Il circolo vizioso da Comma 22 è a sua volta peggiorato da una politica monetaria che non aiuta la crescita. E’ un altro tasto sul quale Panetta non smette di battere. La Bce ha reagito in ritardo all’ondata inflazionistica, ma poi ha stretto i cordoni della borsa più rapidamente della Federal Reserve, anche se gli Stati Uniti hanno continuato a crescere a un ritmo doppio rispetto all’Eurolandia. La dinamica dei prezzi è stata frenata più bruscamente che negli stessi Stati Uniti e il divario di crescita si è persino ampliato: le previsioni autunnali della Commissione Ue pubblicate venerdì vedono un prodotto lordo che aumenta dello 0,8% quest’anno rispetto al 2,7% negli Usa. Il tasso di disoccupazione è al 4% negli States al 6,3% nella zona euro, ma questa percentuale è destinata ad aumentare visto quel che sta accadendo in Germania e più in generale nell’industria dell’auto che è il cuore pulsante della manifattura europea.
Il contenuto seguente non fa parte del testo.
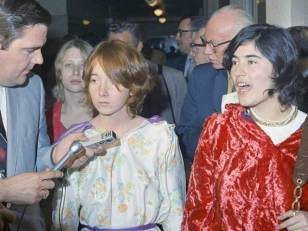 Strange Trip: Squeaky Fromme's Path to Prison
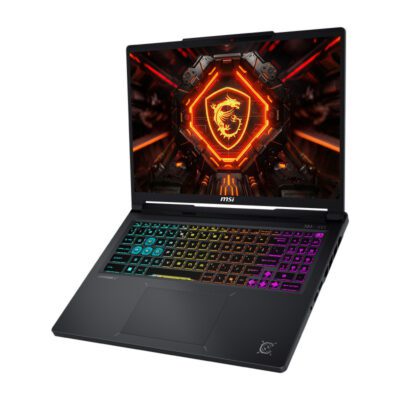 [PRE-ORDER] NOTEBOOK (โน้ตบุ๊ค) MSI CROSSHAIR 16HX E14WFK-017TH (COSMOS GRAY) (2Y) - Image 6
Le proiezioni europee di qui a due anni non sono tali da cambiare lo scenario. Il Pil dell’Eurozona dovrebbe aumentare dell’1,6% nel 2026 con differenze non irrilevanti tra i diversi Paesi. L’Italia che cresce dello 0,7% secondo la Commissione e non dell’1% come ancora prevede il Governo, dovrebbe arrivare a un modesto 1,2% meno della Spagna che passa dal 3% al 2,1%, della Francia che recupera dall’1,1% all’1,4% e della Germania che risalare dal segno meno del 2024 all’1,3% nel 2026. Si può continuare nel gioco dei paragoni, ma in ogni caso e in ogni dove siamo su livelli molto modesti.
Come si può pensare di affrontare le enormi sfide da far tremare i polsi analizzate dal Rapporto Draghi? Si può davvero pensare che sia possibile investire quegli 800 miliardi di euro l’anno dei quali ci sarebbe bisogno per affrontare la transizione ambientale, digitale, industriale in senso lato? Un’Europa in ristagno, con un equilibrio politico precario che si rispecchia sia nel Parlamento sia nell’Esecutivo, e una Commissione paralizzata dai veti incrociati, è molto più debole anche quando si rivolge al mercato per attirare capitali.
Questo momento particolarmente difficile affida di fatto un compito fondamentale alla Bce. Certo la banca centrale è indipendente, il suo mandato è la stabilità finanziaria, non spetta a lei condurre la politica fiscale né, tanto meno, quella industriale. Soprattutto non ragiona con una logica di partito o nazionale. D’accordo. Ma la Bce è l’unica vera istituzione pienamente europea.
Di fronte alla paralisi politica e istituzionale della Commissione, mentre dall’altra sponda dell’Atlantico arriva il terremoto Trump, con la guerra in Ucraina più lacerante che mai, con l’instabilità militare e non solo politica che cresce in tutto il mondo, governare la moneta è determinante. Oggi la politica monetaria in Europa non può che essere espansiva e deve dare una vera e propria spinta alla crescita.
Quella dei banchieri è un’arte diceva Raffaele Mattioli, lo è ancor più quella del banchiere centrale. Non può farsi guidare da schemi rigidi, da norme astratte, da algidi algoritmi e nemmeno dall’intelligenza artificiale che pure può essere d’aiuto. Ha bisogno di competenza, di esperienza, di fiuto, di intuizione, di immaginazione, di coraggio. Insomma di intelligenza umana fino in fondo.